Nella prospettiva della risurrezione di Cristo, che impartisce rigenerazione, un’eredità celeste, sicura custodia e gioia ineffabile, le difficoltà presenti assumeranno per noi un valore diverso. Consideratele, dice l’apostolo, una prova della vostra fede.
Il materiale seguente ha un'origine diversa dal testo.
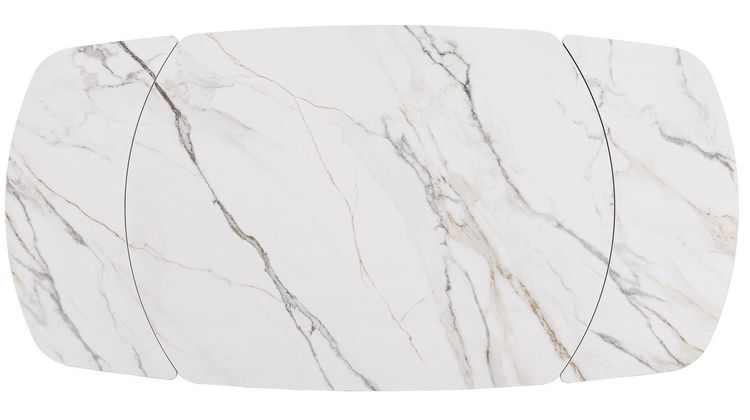 Henders en Hazel Preston Uitschuifbaar Eettafel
Queste prove contribuiranno a raffinare, valorizzare la vostra preziosa, a renderla matura ed a contribuire alla gloria del Signore Gesù. Animato dallo spirito della risurrezione il cristiano è chiamato ad operare con vigore, speranza, certezza, gioia e serenità, guardando avanti al certo compimento delle promesse di Dio. 

Vivendo in questo modo diventerà sorprendente per molti che ci osservano dicendo: Voi dite di seguire Cristo: “pur non avendolo visto": com’è possibile? Davanti allo scettico Tommaso, Gesù risorto aveva detto: “Perché mi hai visto Tommaso, tu hai creduto; beati quelli che non hanno visto e hanno creduto” (Giovanni 20:29). Si, noi amiamo il Signore Gesù per quanto ha compiuto e compie per noi, "pur non avendolo visto". Ci è stato fatto conoscere attraverso la predicazione dell’Evangelo, Lo abbiamo ricevuto ed abbracciato; Lo abbiamo fatto oggetto del nostro amore dopo aver compreso quanto grande fosse stato il Suo amore per noi. Lo abbiamo amato per l’eccellenza delle Sue perfezioni; per la pienezza di grazia che era in Lui; per ciò che ha compiuto per noi e per noi è stato; per il Suo ministero continuo in nostro favore; Lo amiamo più di ogni altra cosa o persona, con tutto il cuore e sinceramente; su Lui ci appoggiamo come nostro Salvatore e Redentore, da Lui tutto aspettandoci ed investendo in Lui ogni cosa.

Abbiamo così udito e forse anche noi detto: “Sono scoraggiato... sto perdendo ogni motivazione... chi me lo fa fare... non ne vale la pena...”. se questo è il caso, siamo chiamati a riscoprire e a vivere lo spirito della risurrezione, a riscoprire la potente efficacia del Risorto nella nostra vita. Allora vivremo non con una pia e ingannevole speranza, ma con una speranza viva e producente.

Paolo Castellina, riduzione da una predicazione del 1997.